In this 3-part series, IMVU senior engineer Bill Welden describes the means and technology behind IMVU’s web services.
Part 3: Documents and Links
In the previous entry in this series I described how IMVU uses a structured network model to implement the uniform contract for our REST services and showed how they might apply to a set of services for a hypothetical high school scheduling system.
Under this model we have Node Groups (represented by the different colors of circles in this diagram), Nodes (the circles themselves), Edge Groups (the rounded boxes hanging off of the circles) and Edges (the lines connecting the circles).
We model these various notions using HTTP documents linked together with URLs. There are four kinds of documents, corresponding to each of the four concepts.

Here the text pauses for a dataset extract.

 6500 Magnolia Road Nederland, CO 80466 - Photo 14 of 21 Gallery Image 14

A Node Group determines the properties and relationships of the Nodes, and the corresponding Node Group Document contains a list of URLs, each locating a Node.
A Node, through its properties and relationships, is the basic repository of information in the network. The Node Group Document contains the values of the Node’s properties, as well as a list of URLs, each locating an Edge Group.

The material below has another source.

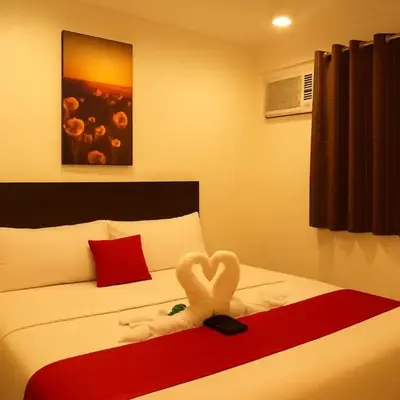 City Stay Inns Slex Makati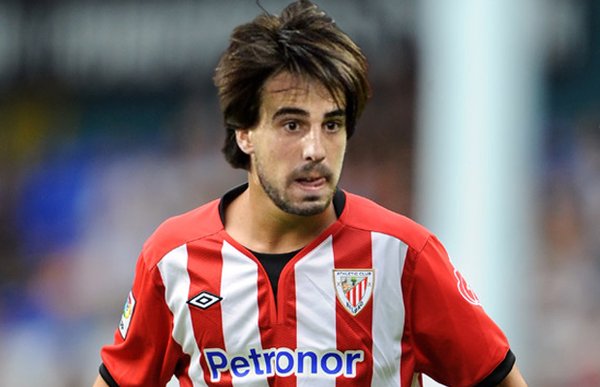 San José, Beñat, Arturo Vidal, Víctor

An Edge Group groups together all of the links that go to a particular type of Node. The corresponding Edge Group Document, specific to a Node, contains a list of URLs, each locating an Edge within that group.
An Edge is a link from its Node to another Node, usually of a different class. Edges can also contain properties, as we saw last time. An Edge Document therefore contains a URL for the Node at the other end of the Edge, as well as the values of any properties of the Edge.
Each type of document has a distinctive URL.
The URL for a Node Group Document consists of a single path segment, a singular noun describing the Node Group:
https://api.imvu.com/course
The URL for a Node consists of two path segments: the Node Group URL extended by a segment consisting of a unique identifier for the Node. The Node identifier can be any string, but we encourage the use of Node Identifiers which contain the name of the Node Group:
https://api.imvu.com/course/course-1035
The URL for an Edge Group consists of three segments: the Node URL extended either by a plural noun naming the Node Group that the Edge Group points off to, or by a noun describing the relationship created by the Edge Group:
https://api.imvu.com/course/course-1035/teachers
https://api.imvu.com/course/course-1035/roster
The URL for an Edge consists of four segments: the Edge Group URL extended by an identifier for the Edge. This identifier need only be unique within the Edge Group. Sometimes (for convenience) it is identical to the unique identifier of the Node that the Edge points to, but this is not required:
https://api.imvu.com/course/course-1035/teachers/1
https://api.imvu.com/course/course-1035/roster/student-5331
These URL formats are a constraint on the service design – a strong suggestion but not a strict requirement.
Note especially that, according to the principle of HATEOAS (Hypertext As The Engine Of Application State), the client cannot depend on any specific format, and is not allowed to construct these URLs or attempt to extract information from them. All URLs required by the client must be obtained whole, as opaque strings, from the response to an earlier service request.
Specifically, URLs returned from the server must be fully qualified, including the protocol and server name (“https://api.imvu.com”). However, in our own internal discussions and here in this presentation, we will often leave off the protocol and server name for clarity. So:
/course
/course/course-1035
/course-1035/teachers
and so forth. Wherever one of these relative URLs appears in the discussion below, the actual implementation will return a fully qualified version.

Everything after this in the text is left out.